Suspiró y permaneció callado, escuchando, como el Enano y los otros, el llanto de las Sardelinhas por esos inocentes a los que los yagunzos habían dado muerte piadosa. —Porque tal vez, el Padre quería que subieran al cielo con martirio —añadió el Fogueteiro.
«Estoy sudando», pensó el Enano. ¿O estaba sangrando? Pensó: «Me estoy muriendo». Corrían gotas por su frente, se deslizaban por sus cejas y pestañas, le cerraban los ojos. Pero, aunque sudaba, el frío estaba allí, helándole las entrañas. Jurema, a ratos, le limpiaba la cara.
—¿Y qué pasó entonces? —oyó que decía el periodista miope—. Después de que Joáo Abade, de que usted y los demás…
Se calló y las Sardelinhas, que habían suspendido el llanto, sorprendidas por la intromisión, lo reanudaron.

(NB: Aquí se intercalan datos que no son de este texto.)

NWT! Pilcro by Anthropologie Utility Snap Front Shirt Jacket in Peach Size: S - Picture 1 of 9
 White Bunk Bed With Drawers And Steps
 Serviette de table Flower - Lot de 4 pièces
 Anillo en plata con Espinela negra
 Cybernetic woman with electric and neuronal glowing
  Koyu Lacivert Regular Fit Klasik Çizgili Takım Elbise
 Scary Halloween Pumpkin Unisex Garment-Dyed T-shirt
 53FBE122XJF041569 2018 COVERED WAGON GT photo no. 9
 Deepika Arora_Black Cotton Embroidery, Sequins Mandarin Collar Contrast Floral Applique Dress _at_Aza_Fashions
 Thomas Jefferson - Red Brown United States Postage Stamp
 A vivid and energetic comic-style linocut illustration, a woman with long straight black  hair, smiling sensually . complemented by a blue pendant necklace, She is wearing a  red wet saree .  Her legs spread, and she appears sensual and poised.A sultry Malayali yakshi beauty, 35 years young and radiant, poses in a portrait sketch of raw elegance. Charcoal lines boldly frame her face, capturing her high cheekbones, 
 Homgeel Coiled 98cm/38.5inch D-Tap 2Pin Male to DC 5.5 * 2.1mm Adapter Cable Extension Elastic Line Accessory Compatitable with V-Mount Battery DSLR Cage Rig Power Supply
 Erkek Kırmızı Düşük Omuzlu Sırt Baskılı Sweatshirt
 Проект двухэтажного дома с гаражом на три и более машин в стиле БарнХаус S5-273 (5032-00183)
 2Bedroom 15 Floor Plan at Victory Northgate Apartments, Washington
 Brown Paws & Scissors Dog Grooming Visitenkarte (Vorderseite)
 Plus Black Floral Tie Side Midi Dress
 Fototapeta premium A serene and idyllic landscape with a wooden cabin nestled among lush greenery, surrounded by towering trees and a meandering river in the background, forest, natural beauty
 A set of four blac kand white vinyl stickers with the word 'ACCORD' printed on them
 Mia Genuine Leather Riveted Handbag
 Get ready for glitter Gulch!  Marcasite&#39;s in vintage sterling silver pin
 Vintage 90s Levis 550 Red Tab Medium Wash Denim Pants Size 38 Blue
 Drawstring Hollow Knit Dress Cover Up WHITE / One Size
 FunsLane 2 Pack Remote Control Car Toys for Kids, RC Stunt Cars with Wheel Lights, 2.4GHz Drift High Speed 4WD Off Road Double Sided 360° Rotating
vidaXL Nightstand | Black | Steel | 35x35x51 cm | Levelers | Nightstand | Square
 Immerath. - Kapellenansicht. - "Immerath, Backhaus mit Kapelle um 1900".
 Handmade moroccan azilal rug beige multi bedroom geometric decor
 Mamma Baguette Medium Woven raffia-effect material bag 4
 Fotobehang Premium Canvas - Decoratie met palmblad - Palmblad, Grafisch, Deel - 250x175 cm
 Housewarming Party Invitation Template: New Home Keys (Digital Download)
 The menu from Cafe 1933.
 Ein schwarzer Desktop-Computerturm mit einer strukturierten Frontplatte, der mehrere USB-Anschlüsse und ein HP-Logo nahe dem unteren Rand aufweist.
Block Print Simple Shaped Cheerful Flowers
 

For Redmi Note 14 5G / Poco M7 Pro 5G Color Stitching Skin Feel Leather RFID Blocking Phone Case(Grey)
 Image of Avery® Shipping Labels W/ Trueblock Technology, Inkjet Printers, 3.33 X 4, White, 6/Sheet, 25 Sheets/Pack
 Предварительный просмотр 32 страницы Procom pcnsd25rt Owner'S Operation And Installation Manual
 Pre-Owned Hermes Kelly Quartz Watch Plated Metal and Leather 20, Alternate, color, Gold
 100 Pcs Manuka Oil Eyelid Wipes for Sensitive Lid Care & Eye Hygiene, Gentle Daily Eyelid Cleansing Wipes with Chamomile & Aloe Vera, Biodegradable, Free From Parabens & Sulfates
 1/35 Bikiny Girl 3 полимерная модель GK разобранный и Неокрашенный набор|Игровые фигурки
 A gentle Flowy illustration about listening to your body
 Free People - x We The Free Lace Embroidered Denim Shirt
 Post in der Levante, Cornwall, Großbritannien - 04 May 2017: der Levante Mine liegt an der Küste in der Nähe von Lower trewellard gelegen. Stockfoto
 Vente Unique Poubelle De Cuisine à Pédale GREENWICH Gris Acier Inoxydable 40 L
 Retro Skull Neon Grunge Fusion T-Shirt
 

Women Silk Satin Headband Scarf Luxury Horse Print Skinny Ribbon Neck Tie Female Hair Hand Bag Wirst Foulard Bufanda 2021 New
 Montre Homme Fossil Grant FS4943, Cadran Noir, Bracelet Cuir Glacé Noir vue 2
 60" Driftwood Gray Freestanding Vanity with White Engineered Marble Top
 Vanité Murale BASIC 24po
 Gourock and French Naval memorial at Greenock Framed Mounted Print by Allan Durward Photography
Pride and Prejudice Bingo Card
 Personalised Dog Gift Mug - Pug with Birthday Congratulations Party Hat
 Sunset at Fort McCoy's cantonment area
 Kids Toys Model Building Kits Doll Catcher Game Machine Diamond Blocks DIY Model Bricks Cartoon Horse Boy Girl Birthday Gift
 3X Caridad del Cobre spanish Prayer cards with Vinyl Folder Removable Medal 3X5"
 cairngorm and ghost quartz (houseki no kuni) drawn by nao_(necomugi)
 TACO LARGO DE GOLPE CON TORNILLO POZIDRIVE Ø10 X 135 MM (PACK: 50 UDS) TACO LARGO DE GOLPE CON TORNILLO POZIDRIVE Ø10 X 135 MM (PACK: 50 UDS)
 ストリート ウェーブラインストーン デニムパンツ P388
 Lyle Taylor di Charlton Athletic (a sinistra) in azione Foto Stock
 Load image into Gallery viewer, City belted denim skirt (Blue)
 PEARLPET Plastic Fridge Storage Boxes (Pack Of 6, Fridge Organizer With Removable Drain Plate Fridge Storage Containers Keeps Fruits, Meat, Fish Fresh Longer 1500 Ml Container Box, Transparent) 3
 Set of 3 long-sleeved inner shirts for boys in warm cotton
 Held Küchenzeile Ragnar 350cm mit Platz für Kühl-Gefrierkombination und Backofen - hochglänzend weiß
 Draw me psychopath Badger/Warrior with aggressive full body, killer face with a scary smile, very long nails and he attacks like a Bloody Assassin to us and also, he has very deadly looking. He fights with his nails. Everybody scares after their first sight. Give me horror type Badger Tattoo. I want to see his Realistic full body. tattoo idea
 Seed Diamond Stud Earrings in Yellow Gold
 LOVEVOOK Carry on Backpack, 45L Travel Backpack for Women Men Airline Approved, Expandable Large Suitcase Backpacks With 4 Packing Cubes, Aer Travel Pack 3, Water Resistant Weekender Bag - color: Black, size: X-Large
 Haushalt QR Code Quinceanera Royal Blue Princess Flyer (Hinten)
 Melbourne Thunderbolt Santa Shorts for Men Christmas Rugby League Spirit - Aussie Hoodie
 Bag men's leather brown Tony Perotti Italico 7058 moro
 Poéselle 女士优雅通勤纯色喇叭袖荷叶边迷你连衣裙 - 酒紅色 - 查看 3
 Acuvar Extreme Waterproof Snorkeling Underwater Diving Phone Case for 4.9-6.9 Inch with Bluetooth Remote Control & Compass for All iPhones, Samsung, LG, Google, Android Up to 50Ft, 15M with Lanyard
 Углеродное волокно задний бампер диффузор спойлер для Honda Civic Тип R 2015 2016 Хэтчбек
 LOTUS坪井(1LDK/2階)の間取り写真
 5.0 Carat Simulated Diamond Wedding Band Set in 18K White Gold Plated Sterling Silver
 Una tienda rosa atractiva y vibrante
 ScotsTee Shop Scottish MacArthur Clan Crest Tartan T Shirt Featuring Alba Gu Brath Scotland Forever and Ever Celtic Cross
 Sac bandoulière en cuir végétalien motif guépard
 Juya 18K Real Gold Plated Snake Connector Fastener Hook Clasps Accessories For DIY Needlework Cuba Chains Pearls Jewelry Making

—No hubo después —dijo Antonio el Fogueteiro—. Los ateos creyeron que estábamos tirándoles a ellos. Rabiaron al ver que les quitábamos esas presas que ya creían suyas. —Se calló y su voz vibró—. «Traidores», gritaban. Que habíamos roto la tregua y que lo íbamos a pagar. Se nos echaron por todos lados. Miles de ateos. Fue una suerte. —¿Una suerte? —dijo Antonio Vilanova.
El Enano había entendido. Una suerte tener otra vez que disparar contra ese torrente de uniformes que avanzaban con fusiles y antorchas, una suerte no tener que seguir matando inocentes para salvarlos de la deshonra. Lo entendía, y, en medio de la fiebre y el frío, lo veía. Veía cómo los yagunzos exhaustos, que habían estado dando muertes piadosas, se frotaban las manos ampolladas y requemadas, dichosos de tener otra vez al frente a un enemigo claro, definido, flagrante, inconfundible. Podía ver esa furia que avanzaba matando lo que no había sido aún matado, quemando lo que faltaba por quemar.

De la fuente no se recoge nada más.